I've been looking into either buying or making my own home cloud server but haven't been able to find any information on whether the speed of my broadband uploads will govern how fast i can stream content on my home network. I know that it obviously will if I'm using it remotely from work or elsewhere but the home streaming is the most important bit for me. I greatly appreciate anybody that can clarify it for me.


----------



## kendallt (Feb 21, 2007)

Home streaming will depend on the speed of your home network, not the internet. 

Of course the speed of the computer or other device you use as the server will effect the performance, as will the number of people using it at any one time. 

My home network is faster at transferring files than my internet service is capable of.


----------



## bbless92 (Jan 21, 2017)

Thanks for the help. I thought as much, just didn't want to build it before I got a second voice on it!


----------



## pcride (Jan 29, 2016)

kendallt said:


> Home streaming will depend on the speed of your home network, not the internet.
> 
> Of course the speed of the computer or other device you use as the server will effect the performance, as will the number of people using it at any one time.
> 
> My home network is faster at transferring files than my internet service is capable of.


Actually is has everything to do with your ISP upload speed. If you plan on accessing your "Cloud" remotely, then I can say you won't be pleased with the speeds. ISPs give you a small upload speed to prevent their users from running servers and clouds, thats why you always see big download speeds, but small upload speeds. Comcast offers no more than 9 Mbps upload, unless you pay for the 20 Mbs upload which I have. My download is 105 Mbps.
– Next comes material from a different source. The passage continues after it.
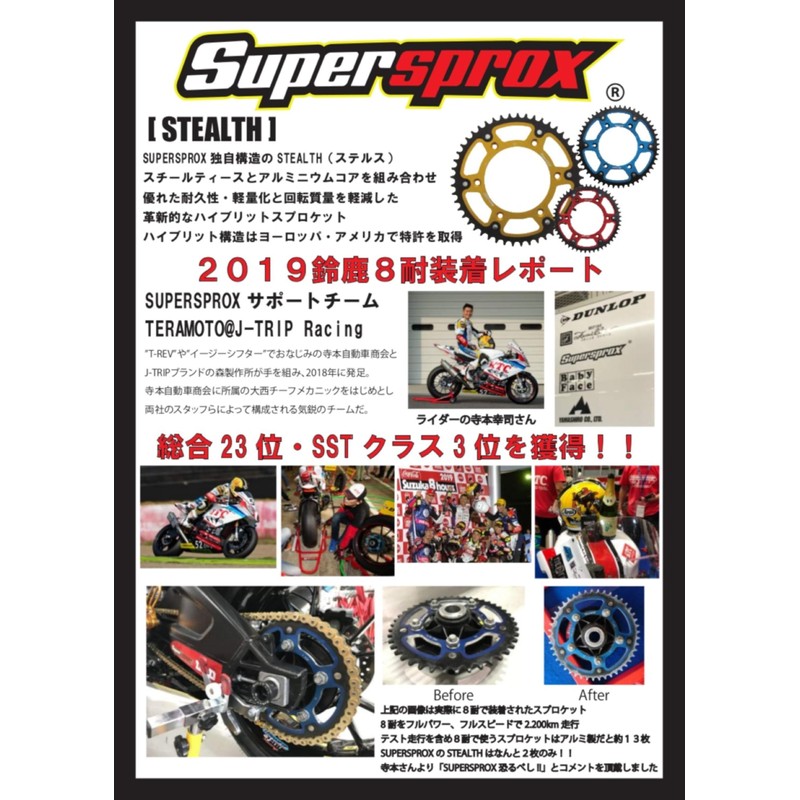 Supersprox Driven Sprocket Rear Stealth Aluminum & Steel 40T Black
Anytime you are accessing your files from your home, you are "Uploading" the information to your device and if you only have 5Mbs upload lets say, its going to be slow and simply accessing a small file will take forever. You are better off going with Amazon cloud honestly if you must have access to your files remotely... but that decision is up to you. 
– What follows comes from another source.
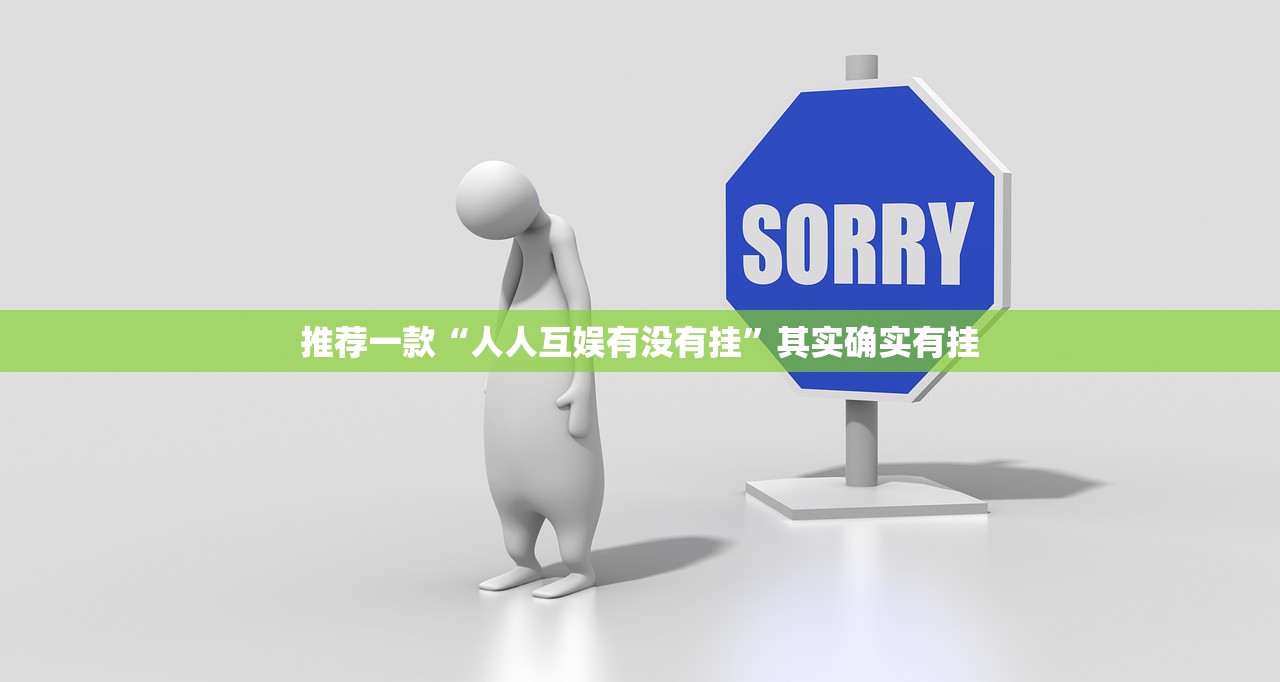 可用版本“蜀山四川麻将亲友房怎么容易赢”(透视挂)辅助下载教程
I created a simple VPN on my network and used my phone on cellular to access my network, it was slow and not even worth all the time it took to set it up and secure it.

The plain and simple fact is that ISPs don't want you to have large upload speeds.


----------



## kendallt (Feb 21, 2007)

You are correct with streaming over the internet, the OP stated he knew that would be effected.
The question was regarding PC to PC streaming on the same 'in house' network, which is not effected by internet speeds.


----------